A couple of weeks ago, a mere 6 days after the behemoth (well, for me anyway) run that was the Wings for Life World Run, I found myself heading to the old army barracks at Waterbeach to take part in the 10km race that was being held as part of the inaugural Waterbeach Running Festival. The festival was being held in aid of the Waterbeach Toddler Playgroup, and when my friends Pete and Rach told me that they had signed up, I thought I may as well give it a bash myself.
After the scorching heat of the previous weekend, it was a bit of a shock to the system when we arrived at the barracks to a leaden sky and temperatures that were seriously struggling to reach double figures, as well as a less than helpful wind. The barracks themselves are also a little spooky – a great setting for a horror film for any keen amateur film-makers out there. Despite this, the atmosphere was buzzy and everyone seemed genuinely excited to be the first to take part in a new addition to the Cambridgeshire running calendar.

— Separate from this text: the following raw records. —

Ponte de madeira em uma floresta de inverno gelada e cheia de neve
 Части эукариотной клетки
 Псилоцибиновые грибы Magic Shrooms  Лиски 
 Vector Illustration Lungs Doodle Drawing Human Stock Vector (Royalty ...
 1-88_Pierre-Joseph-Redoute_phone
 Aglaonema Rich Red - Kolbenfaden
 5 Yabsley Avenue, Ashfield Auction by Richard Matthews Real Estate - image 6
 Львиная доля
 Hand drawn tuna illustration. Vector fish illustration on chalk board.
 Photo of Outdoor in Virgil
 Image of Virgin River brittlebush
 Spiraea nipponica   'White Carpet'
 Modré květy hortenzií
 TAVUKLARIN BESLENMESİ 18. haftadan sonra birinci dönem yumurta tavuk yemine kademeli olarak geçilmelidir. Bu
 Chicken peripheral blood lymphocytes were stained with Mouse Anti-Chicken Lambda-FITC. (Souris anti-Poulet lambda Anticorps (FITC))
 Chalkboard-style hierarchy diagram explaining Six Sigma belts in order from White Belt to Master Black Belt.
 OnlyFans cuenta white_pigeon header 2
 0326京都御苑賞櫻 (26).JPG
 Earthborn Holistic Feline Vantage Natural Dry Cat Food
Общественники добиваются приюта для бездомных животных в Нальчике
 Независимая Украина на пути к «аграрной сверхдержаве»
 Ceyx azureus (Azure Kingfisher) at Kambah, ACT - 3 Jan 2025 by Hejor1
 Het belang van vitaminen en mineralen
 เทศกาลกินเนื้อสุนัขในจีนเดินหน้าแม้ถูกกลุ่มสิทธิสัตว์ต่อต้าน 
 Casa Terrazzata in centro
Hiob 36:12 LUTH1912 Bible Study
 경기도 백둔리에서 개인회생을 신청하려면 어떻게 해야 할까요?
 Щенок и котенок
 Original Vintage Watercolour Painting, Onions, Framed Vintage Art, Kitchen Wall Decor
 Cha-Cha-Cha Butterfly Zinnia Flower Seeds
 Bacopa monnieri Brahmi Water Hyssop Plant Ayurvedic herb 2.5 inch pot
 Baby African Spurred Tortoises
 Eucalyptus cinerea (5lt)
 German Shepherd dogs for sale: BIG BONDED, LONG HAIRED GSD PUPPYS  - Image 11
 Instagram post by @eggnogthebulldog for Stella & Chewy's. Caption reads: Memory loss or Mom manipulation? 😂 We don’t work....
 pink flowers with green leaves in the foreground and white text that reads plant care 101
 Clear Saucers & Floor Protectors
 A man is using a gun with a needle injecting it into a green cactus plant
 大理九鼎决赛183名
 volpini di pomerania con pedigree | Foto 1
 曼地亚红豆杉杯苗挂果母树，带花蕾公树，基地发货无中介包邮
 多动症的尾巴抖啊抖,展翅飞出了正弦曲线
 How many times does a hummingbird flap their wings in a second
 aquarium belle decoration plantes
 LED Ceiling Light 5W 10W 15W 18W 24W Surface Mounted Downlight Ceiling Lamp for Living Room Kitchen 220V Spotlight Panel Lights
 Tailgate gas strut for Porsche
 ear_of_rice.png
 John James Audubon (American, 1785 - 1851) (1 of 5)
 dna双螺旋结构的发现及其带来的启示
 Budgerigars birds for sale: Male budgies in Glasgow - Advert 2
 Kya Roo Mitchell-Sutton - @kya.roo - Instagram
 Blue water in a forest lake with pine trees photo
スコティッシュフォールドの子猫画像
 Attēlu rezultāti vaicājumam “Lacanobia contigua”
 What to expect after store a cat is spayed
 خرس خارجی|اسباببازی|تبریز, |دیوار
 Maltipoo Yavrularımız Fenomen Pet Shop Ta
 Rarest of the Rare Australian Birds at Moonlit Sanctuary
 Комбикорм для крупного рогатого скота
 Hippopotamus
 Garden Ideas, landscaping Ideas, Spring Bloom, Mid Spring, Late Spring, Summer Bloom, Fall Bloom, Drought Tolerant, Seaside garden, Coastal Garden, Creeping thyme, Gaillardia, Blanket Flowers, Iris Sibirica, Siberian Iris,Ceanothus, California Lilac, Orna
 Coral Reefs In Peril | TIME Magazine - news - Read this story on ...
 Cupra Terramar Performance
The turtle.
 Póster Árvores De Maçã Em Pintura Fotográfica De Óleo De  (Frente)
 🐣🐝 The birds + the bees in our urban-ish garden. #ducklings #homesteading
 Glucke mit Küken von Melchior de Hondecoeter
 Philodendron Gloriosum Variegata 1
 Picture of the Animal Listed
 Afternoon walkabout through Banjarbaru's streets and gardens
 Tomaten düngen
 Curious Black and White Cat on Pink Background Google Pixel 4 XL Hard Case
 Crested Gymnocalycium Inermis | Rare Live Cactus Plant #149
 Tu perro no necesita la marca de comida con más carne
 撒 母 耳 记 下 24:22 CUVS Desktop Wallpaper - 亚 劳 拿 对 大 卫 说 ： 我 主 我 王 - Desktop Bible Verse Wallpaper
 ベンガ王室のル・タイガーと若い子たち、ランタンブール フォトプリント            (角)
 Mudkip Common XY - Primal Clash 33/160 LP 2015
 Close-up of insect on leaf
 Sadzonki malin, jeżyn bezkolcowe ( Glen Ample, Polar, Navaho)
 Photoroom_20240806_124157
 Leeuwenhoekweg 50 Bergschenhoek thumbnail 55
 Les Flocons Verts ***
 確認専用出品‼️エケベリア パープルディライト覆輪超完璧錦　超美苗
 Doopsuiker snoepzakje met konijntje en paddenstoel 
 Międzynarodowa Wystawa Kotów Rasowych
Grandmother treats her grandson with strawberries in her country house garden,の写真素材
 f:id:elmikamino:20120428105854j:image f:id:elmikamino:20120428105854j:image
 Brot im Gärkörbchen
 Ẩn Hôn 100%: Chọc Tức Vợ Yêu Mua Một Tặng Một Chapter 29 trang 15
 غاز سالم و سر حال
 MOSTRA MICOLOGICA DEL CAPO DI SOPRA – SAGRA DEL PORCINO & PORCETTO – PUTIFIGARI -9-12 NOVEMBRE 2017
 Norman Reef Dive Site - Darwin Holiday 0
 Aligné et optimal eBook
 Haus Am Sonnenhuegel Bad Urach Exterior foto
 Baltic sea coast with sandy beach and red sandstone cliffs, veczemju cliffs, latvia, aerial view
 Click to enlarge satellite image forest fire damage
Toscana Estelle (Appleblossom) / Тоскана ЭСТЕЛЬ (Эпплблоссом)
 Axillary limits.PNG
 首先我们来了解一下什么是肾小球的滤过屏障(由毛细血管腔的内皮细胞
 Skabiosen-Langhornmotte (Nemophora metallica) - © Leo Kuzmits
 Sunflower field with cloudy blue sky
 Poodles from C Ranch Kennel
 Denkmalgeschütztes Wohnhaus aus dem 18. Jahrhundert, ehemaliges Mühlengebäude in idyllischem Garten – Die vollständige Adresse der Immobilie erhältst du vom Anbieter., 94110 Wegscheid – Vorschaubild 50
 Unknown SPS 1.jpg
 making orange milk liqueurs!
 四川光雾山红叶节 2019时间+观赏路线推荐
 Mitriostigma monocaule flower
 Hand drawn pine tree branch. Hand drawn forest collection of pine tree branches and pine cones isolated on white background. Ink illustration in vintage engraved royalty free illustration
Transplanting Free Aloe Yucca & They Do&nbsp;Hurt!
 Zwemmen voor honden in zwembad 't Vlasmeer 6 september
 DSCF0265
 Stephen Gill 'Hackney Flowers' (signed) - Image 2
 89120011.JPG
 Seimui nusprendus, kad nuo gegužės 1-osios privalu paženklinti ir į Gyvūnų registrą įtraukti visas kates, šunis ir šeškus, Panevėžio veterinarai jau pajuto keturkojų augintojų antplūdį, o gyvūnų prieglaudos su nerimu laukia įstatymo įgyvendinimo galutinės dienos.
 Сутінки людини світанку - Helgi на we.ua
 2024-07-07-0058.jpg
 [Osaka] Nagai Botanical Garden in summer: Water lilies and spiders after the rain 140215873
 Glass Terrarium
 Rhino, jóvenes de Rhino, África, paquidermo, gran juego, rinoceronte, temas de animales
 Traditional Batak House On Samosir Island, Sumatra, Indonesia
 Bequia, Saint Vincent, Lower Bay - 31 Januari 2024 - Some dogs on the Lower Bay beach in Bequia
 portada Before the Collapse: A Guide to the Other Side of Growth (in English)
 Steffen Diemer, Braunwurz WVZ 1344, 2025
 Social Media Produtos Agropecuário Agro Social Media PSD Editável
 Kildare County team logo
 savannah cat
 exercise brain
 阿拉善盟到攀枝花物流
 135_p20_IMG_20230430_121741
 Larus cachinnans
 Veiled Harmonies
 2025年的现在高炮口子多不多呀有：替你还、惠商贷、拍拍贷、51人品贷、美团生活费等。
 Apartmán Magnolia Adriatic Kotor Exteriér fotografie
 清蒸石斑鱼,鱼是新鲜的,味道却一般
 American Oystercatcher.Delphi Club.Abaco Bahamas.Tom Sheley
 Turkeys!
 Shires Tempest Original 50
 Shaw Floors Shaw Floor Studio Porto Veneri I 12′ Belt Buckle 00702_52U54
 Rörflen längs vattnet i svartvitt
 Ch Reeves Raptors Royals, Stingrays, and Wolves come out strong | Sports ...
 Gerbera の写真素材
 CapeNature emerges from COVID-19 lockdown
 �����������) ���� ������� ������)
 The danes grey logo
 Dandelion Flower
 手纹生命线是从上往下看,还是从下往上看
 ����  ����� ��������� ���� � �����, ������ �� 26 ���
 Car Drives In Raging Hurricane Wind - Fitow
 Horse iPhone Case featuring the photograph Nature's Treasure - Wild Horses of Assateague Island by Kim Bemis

The festival itself was made up of four events – a 100m toddle for under 5s, a 2km fun run for ages 4+, a 5km run for ages 11+ and then the 10km for ages 15+. I have to say that when I found myself having a major internal battle regarding whether I should run in capris or shorts I did ask the others why we hadn’t signed up for the 5km. Sadly none of us had a sensible answer for that.
After we had grabbed our race numbers (a flawless process), we then ventured outside to do a highly necessary warm up. I did feel a bit sorry for the vendors who had pitched up for the fair, including the awesome Sweet Ally Scoops, because the freezing cold weather meant that ice cream wasn’t high up on people’s snack agenda. I imagine that if the weather had been nicer the whole festival would have had an awesome party vibe.
Once we’d warmed up we headed to the race start, which was about a 2 minute jog from the sports hall where we’d registered (not “miles away” as some worried looking folk were telling us as the start time edged ever nearer)! The race itself was a 2-lap course, set to start 15 minutes after the 5km runners had started. This meant that some of the faster 10km runners would find themselves catching up the 5km tail runners, but the path was so wide that this wouldn’t be an issue. There were around 100 runners taking part in the 10km, and after we had the usual housekeeping chat from the organisers, we were off.
To be honest, if you’re looking for a picturesque race, then this isn’t the one for you. It’s pretty barren, and the layout of the course means you can often see the runners who are way ahead of you, which has the potential to mess with your mojo. Plus I know runners have mixed feeling about 2-lap courses. Personally I don’t mind them (10km is 10km however you look at it), but I get that it can be mentally tough to finish 5km only to think “bloody hell I have to do that again?!” But the positive thing about this race is that it is flat. There is the occasional pothole and the surface is ever so slightly gravelly, but the upshot is that this is a course with serious PB potential.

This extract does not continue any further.